WHAT TO PRODUCE. Write out, word for word, only the lines from the one containing "Functional Twin Size" through the final line of the data.

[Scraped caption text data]
=== Section Start ===

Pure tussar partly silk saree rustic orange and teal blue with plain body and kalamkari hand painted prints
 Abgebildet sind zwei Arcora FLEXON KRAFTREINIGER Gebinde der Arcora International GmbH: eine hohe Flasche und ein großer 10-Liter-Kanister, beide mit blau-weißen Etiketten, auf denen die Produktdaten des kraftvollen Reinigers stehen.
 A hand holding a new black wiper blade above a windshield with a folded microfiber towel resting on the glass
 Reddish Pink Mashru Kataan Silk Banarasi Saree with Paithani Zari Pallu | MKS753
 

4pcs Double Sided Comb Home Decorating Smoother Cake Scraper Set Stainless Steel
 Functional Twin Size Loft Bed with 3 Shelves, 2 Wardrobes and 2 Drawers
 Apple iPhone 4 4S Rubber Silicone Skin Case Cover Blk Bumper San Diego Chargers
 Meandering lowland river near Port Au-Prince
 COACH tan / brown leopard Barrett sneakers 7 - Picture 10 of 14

=== Section End ===

THE COMPLETED TASK.
 Functional Twin Size Loft Bed with 3 Shelves, 2 Wardrobes and 2 Drawers
 Apple iPhone 4 4S Rubber Silicone Skin Case Cover Blk Bumper San Diego Chargers
 Meandering lowland river near Port Au-Prince
 COACH tan / brown leopard Barrett sneakers 7 - Picture 10 of 14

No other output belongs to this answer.